Notes from Underground by Fyodor Dostoevsky
A strange novella combining fragmented musings with the intense emotional highs and lows of an ostracized narrator.
Published September 8, 2025



Book: Notes from Underground by Fyodor Dostoevsky
Release Date: April 1864
Publisher: Vintage
Format: Paperback
Source: Bought
One of the most remarkable characters in literature, the unnamed narrator of Dostoevsky's most revolutionary novel is a former official who has defiantly withdrawn into an underground existence. In full retreat from society, he scrawls a passionate, obsessive, self-contradictory narrative that serves as a devastating attack on social utopianism and an assertion of man’s essentially irrational nature.
Why I Picked It Up
Dostoevsky (Dostoyevsky) is my most "performative" read alongside McCarthy, indicating that there is a stubborn pride within me determined to be seen at my full intellectual capacity. Despite me thinking that derision towards genre is frankly bullshit, I still ended up down the rabbit hole of older literary fiction—partly because during [redacted book process], I knew reading contemporary books would make me overthink how my own manuscript held up to industry patterns. One day, I looked up and I was in the middle of The Idiot, Notes from Underground, and Crime and Punishment?
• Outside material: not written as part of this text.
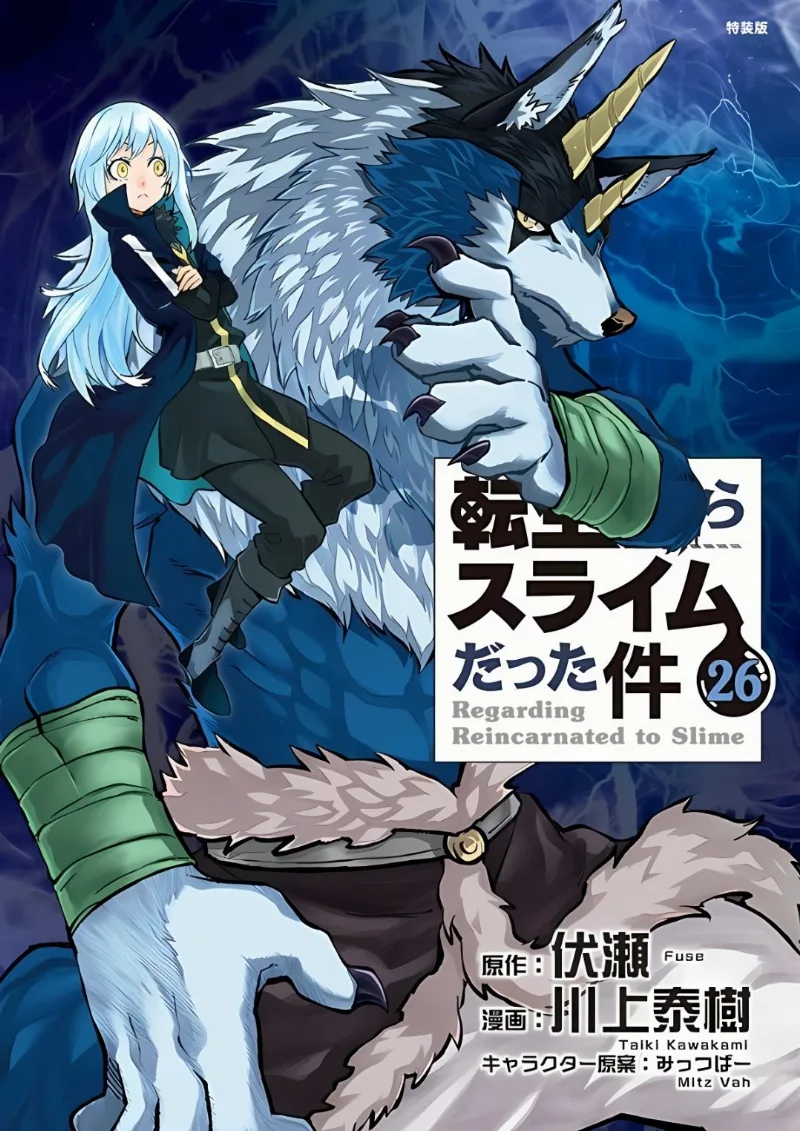 Volume 26.1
I have thoughts on each so far, but Notes is the one I finished most recently and can therefore critique. It's a funky read, both in format and emotion, and I do think people read it with a generosity they wouldn't necessarily give to the same book if the author name were anonymous. But such is history and the lit scene, my friends.
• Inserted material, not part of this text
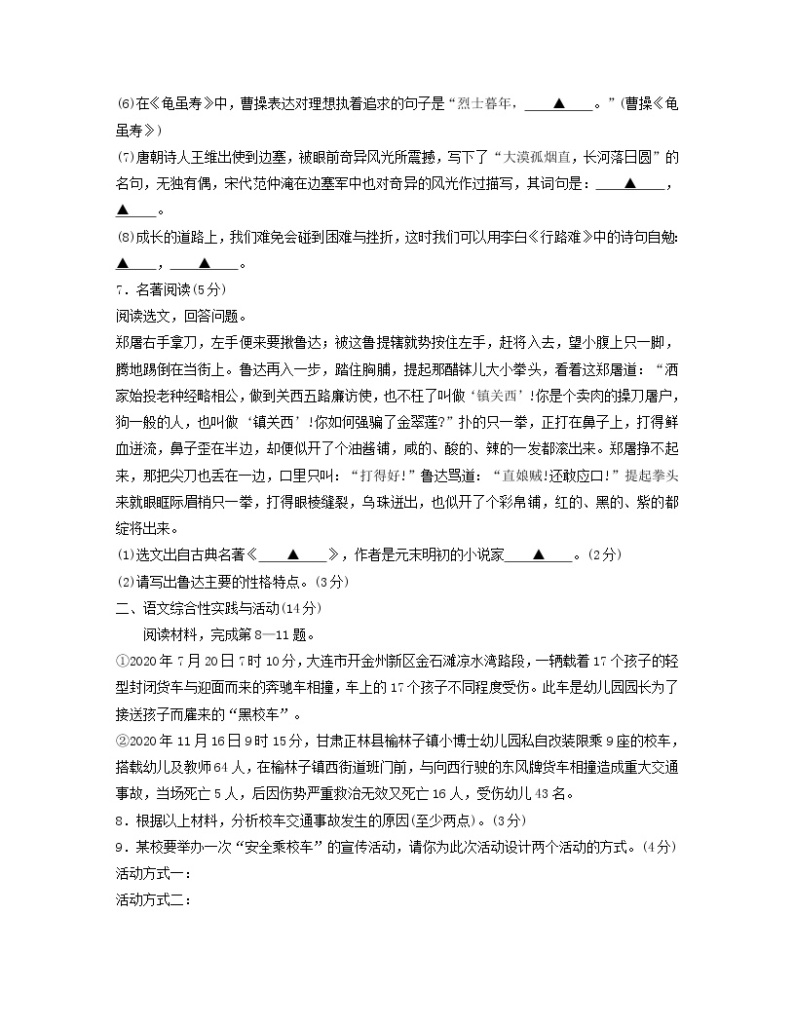 2020年贵州省六盘水市中考语文试题及答案02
About 'Notes from Underground'
Overall, the main character (antihero) of Notes is meant to be the kind of guy causing his own problems—who tanks his social connections and can't entirely see it because he's so angry over his isolation.
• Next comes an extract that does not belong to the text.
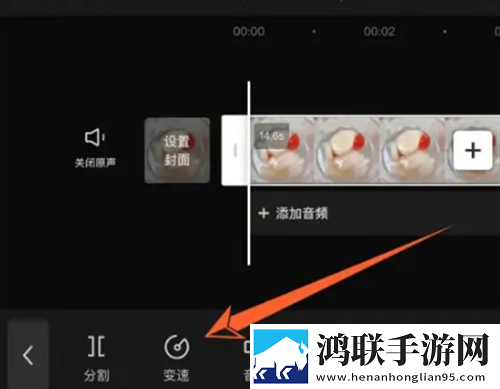 少女rapper天国少女定时播放版下载,少女rapper天国少女锁屏播放版无阻碍下载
The first half of the book is a scattering of various lines and musings (conversational, overwhelming, considered) while the second details the narrator poor, frustrated, and fumbling in his interactions.
Some of his misfortune is bad luck, sure, but some of it's him deflecting responsibility for his own feelings and reactions. In the first half of the book, I liked him musing about suffering and consciousness, giving someone a way out of their self-pity, and the "beautiful and lofty."
I think a lot about studies showing that defensiveness and pride are basically the emotional states that completely stop, neurologically, the processes of listening required to feel like you're connected with others. (See: You're Not Listening, The Love Prescription, Why We Click, etc.)
It's not that everyone is lonely so much as that everyone is talking over each other, and the cycle is vicious. Basically, as soon as you've gotten defensive or wrapped up in your own ego, you've lost the ability to actually meet someone on the level you need to click. And working against defensiveness has to be a conscious choice, because at first you will absorb the perceived ego hit.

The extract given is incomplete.